Alfred Ssekagiri edited this page Jan 20, 2018 · 1 revision

Data format/requirement

The data is required to be a phyloseq object (phyloseq-class) comprising taxa abundance information, taxonomy assignment, sample data which is a combination of measured environmental variables together with any categorical variables present in the samples. If the phylogenetic tree is available, it can also be part but not so relevant for most of the functionality implemented here so far. We choose to use this format since we can have enormous options for manipulating the data as we progress with the analysis and visualisations. Details of format and comprehensive manipulations of phyloseq objects are available at https://github.com/joey711/phyloseq.

Example dataset

To test the functionality, we use a pitlatrine dataset which was generated by 16S rRNA sequencing of various latrines from Tanzania and Vietnam at different depths. The data files are available at http://userweb.eng.gla.ac.uk/umer.ijaz/bioinformatics/ecological.html and the associated paper is B Torondel, JHJ Ensink, O Gundogdu, UZ Ijaz, J Parkhill, F Abdelahi, V-A Nguyen, S Sudgen, W Gibson, AW Walker, and C Quince.
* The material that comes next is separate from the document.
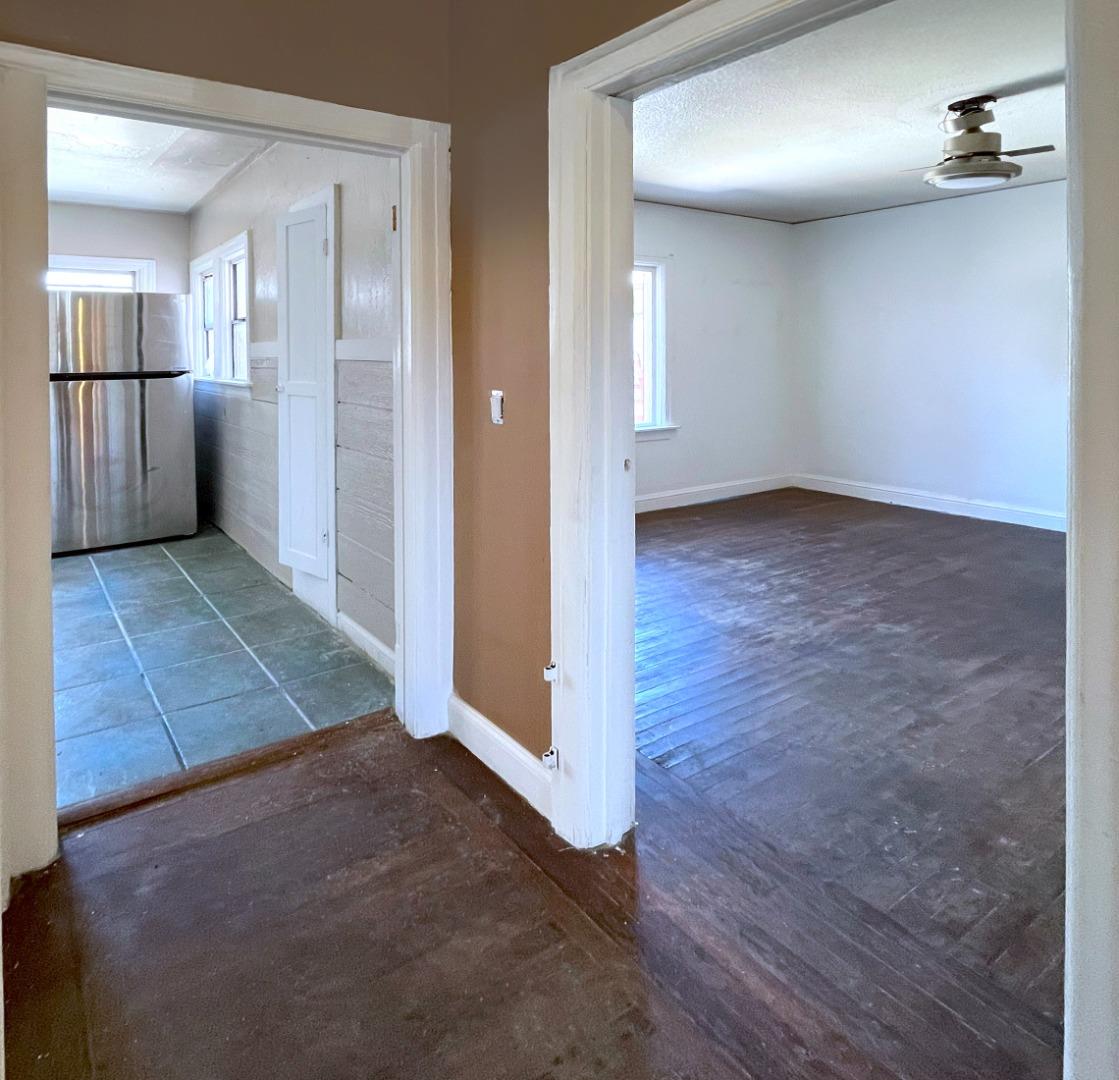Detail Gallery Image 14 of 24 For 3253 Middlefield Rd, Menlo Park,  CA 94025 - – Beds | – Baths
Assessment of the influence of intrinsic environmental and geographical factors on the bacterial ecology of pit latrines Microbial Biotechnology, 9(2):209-223, 2016. It is also freely accessible here.

To get the test data in phyloseq format,

library(microbiomeSeq)
data(pitlatrine) 

To check the components of the data, print out the data to find out the structure.

print(pitlatrine)
phyloseq-class experiment-level object
otu_table()   OTU Table:         [ 8883 taxa and 81 samples ]
sample_data() Sample Data:       [ 81 samples by 14 sample variables ]
tax_table()   Taxonomy Table:    [ 8883 taxa by 6 taxonomic ranks ]
phy_tree()    Phylogenetic Tree: [ 8883 tips and 8881 internal nodes ]
Generate a phyloseq object

To generate a phyloseq object to be used for analysis, a phyloseq function merge_phyloseq can be used to combine the taxa abundance information (OTU), taxa assignment (TAX), sample data (SAM) and phylogenetic tree (OTU_tree) in Newick format as follows; More details on how to construct a phyloseq object can be obtained from the phyloseq site cited earlier.

OTU = otu_table(as.matrix(abund_table), taxa_are_rows = FALSE)
TAX = tax_table(as.matrix(OTU_taxonomy))
SAM = sample_data(meta_table)
OTU_tree<-compute.brlen(OTU_tree,method="Grafen")
physeq<-merge_phyloseq(phyloseq(OTU, TAX),SAM,OTU_tree)
Data normalisation

Microbial community data is mainly OTU/taxa abundance (counts) and corresponding environmental data. The statistical methods have different requirements regarding the distribution and kind of data (for example counts, binary, fractional e.t.c), therefore, it is usually necessary that data is transformed by a suitable normalisation method.

Normalising OTU abundance

We implement different methods including; "relative", "log-relative", random sub sampling ("randomsubsample"), edgeR ("edgernorm") and variance stabilisation ("varstab") for normalisation of taxa abundance. The function takes a phyloseq object physeq and returns a similar object whose otu-table component is normalised by a selected method as shown in the following examples.

physeq<-normalise_data(physeq,norm.method = "randomsubsample")
physeq <- normalise_data(physeq, norm.method = "varstab" ,fitType="local")
Normalising sample data

In order to transform the sample_data component of phyloseq object, a logical value norm.meta is set to TRUE in additon to a suitable normalisation method. Note that amongst the above mentioned methods, this option(norm.meta) is currently available for relative and log-relative only.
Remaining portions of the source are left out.